→ Exercise details
Only one stretch of the records below is wanted: the lines from the one holding "Used 2024 Chevrolet" through the one holding "2025 Land Rover Discovery P300 Dynamic SE". Return it exactly, both ends included.

→ Dataset records
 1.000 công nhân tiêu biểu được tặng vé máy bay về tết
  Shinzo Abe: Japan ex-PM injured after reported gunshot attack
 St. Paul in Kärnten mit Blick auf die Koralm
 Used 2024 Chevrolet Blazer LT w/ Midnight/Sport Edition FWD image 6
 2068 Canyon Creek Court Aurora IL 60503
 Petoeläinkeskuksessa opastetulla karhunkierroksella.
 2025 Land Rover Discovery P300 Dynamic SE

...

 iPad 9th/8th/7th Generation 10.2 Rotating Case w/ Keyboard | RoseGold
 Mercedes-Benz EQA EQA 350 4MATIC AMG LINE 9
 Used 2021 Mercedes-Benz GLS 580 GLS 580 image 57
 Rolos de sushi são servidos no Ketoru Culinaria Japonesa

→ Task output
 Used 2024 Chevrolet Blazer LT w/ Midnight/Sport Edition FWD image 6
 2068 Canyon Creek Court Aurora IL 60503
 Petoeläinkeskuksessa opastetulla karhunkierroksella.
 2025 Land Rover Discovery P300 Dynamic SE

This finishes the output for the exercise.